[Source information]

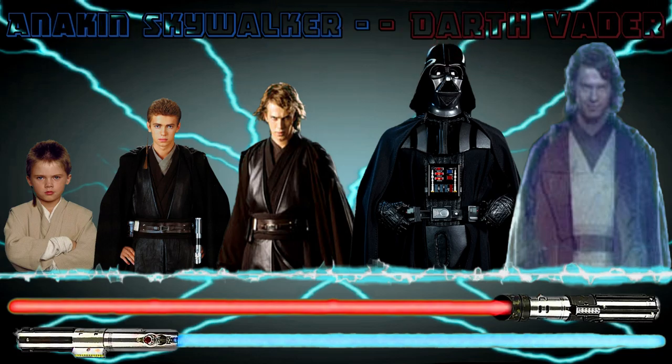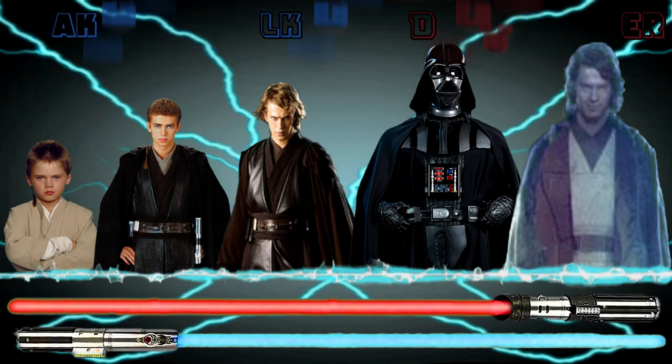Have any styles you would like to see? Please let me know in the comments below, and I'll do my best to create it for you. And may the Force be with you.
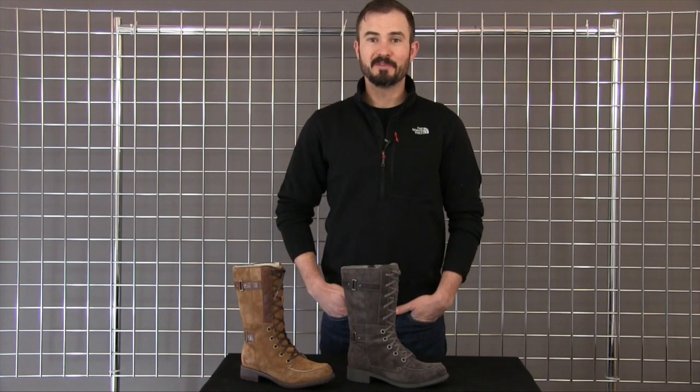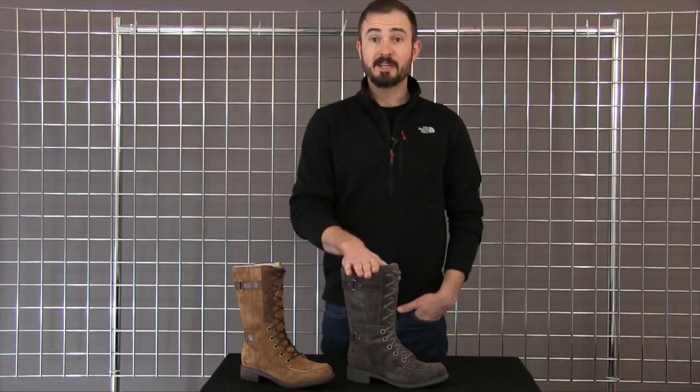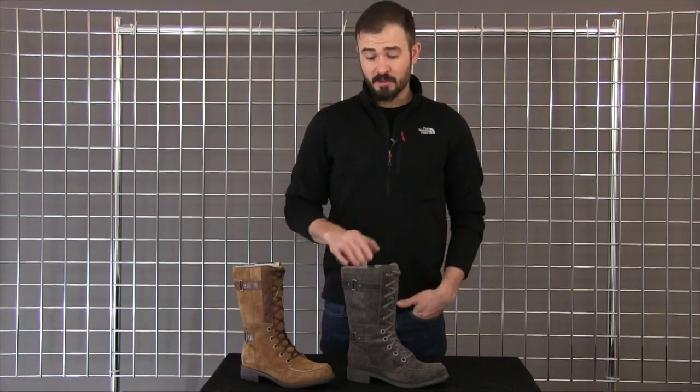Welcome to Winterwomen.com. I'm Jay from the North Face, and this is our Bridgeton Lace Boot for Women. This is a new riding style boot for fall and winter 2014. As you can see, it's a great looking piece, and Winterwomen is carrying it in two of our best colors this year.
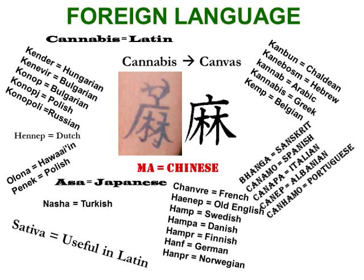This is the Chinese symbol for hemp. It's a very straightforward symbol of a shed with a couple of hemp plants or cannabis plants hanging upside down to dry. I don't approve of tattoos; however, if you're looking to get one, that might be a good one to get.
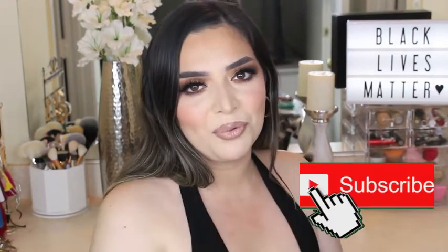Hey guys, welcome back to my channel. Today I'm going to create this look right here using all black owned makeup brands. So if you want to know how to get this look, just keep on watching and don't forget to subscribe to my channel if you haven't already. Please turn on the bell notification so you can be notified every single time that I upload. Now let's get started with the tutorial.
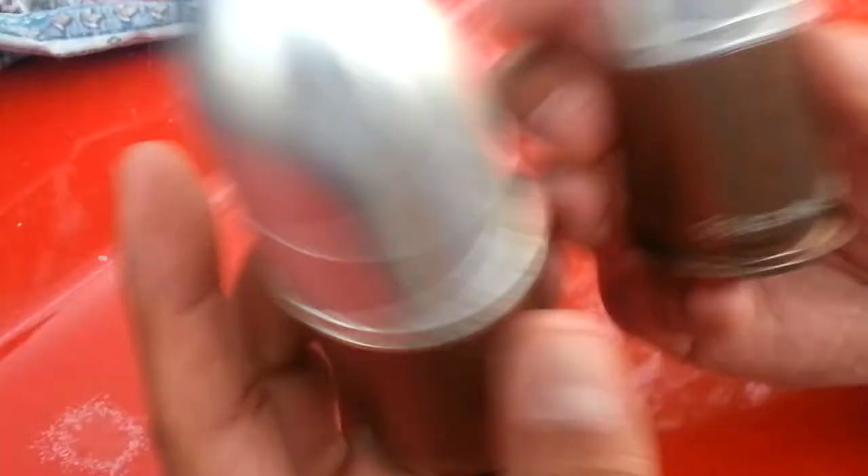Anyways, salt and pepper shakers in 40 millimeter cartridge cases — pretty cool, huh? Click on the like button, I'll have some more videos coming. Take care, God bless.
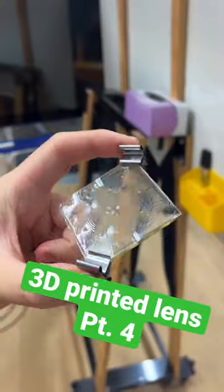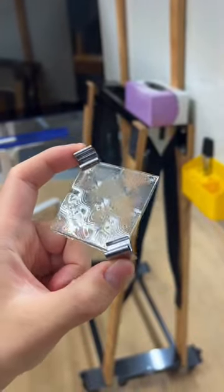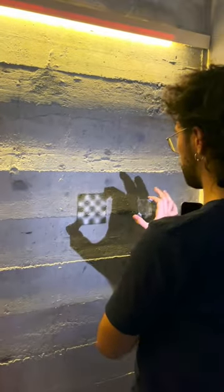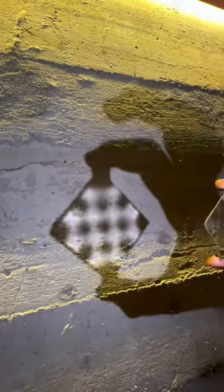Here is a completely clear lens that I printed. What do you think the shadow looks like? That's right, it's a checkerboard. This effect only works from certain distances, which is why sometimes the checkerboard is kind of blurry.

[/Source information]

> [Task objective]: A verbatim copy of every record is required, with all pictures excluded.

> [Answer box]:
Have any styles you would like to see? Please let me know in the comments below, and I'll do my best to create it for you. And may the Force be with you.
Welcome to Winterwomen.com. I'm Jay from the North Face, and this is our Bridgeton Lace Boot for Women. This is a new riding style boot for fall and winter 2014. As you can see, it's a great looking piece, and Winterwomen is carrying it in two of our best colors this year.
This is the Chinese symbol for hemp. It's a very straightforward symbol of a shed with a couple of hemp plants or cannabis plants hanging upside down to dry. I don't approve of tattoos; however, if you're looking to get one, that might be a good one to get.
Hey guys, welcome back to my channel. Today I'm going to create this look right here using all black owned makeup brands. So if you want to know how to get this look, just keep on watching and don't forget to subscribe to my channel if you haven't already. Please turn on the bell notification so you can be notified every single time that I upload. Now let's get started with the tutorial.
Anyways, salt and pepper shakers in 40 millimeter cartridge cases — pretty cool, huh? Click on the like button, I'll have some more videos coming. Take care, God bless.
Here is a completely clear lens that I printed. What do you think the shadow looks like? That's right, it's a checkerboard. This effect only works from certain distances, which is why sometimes the checkerboard is kind of blurry.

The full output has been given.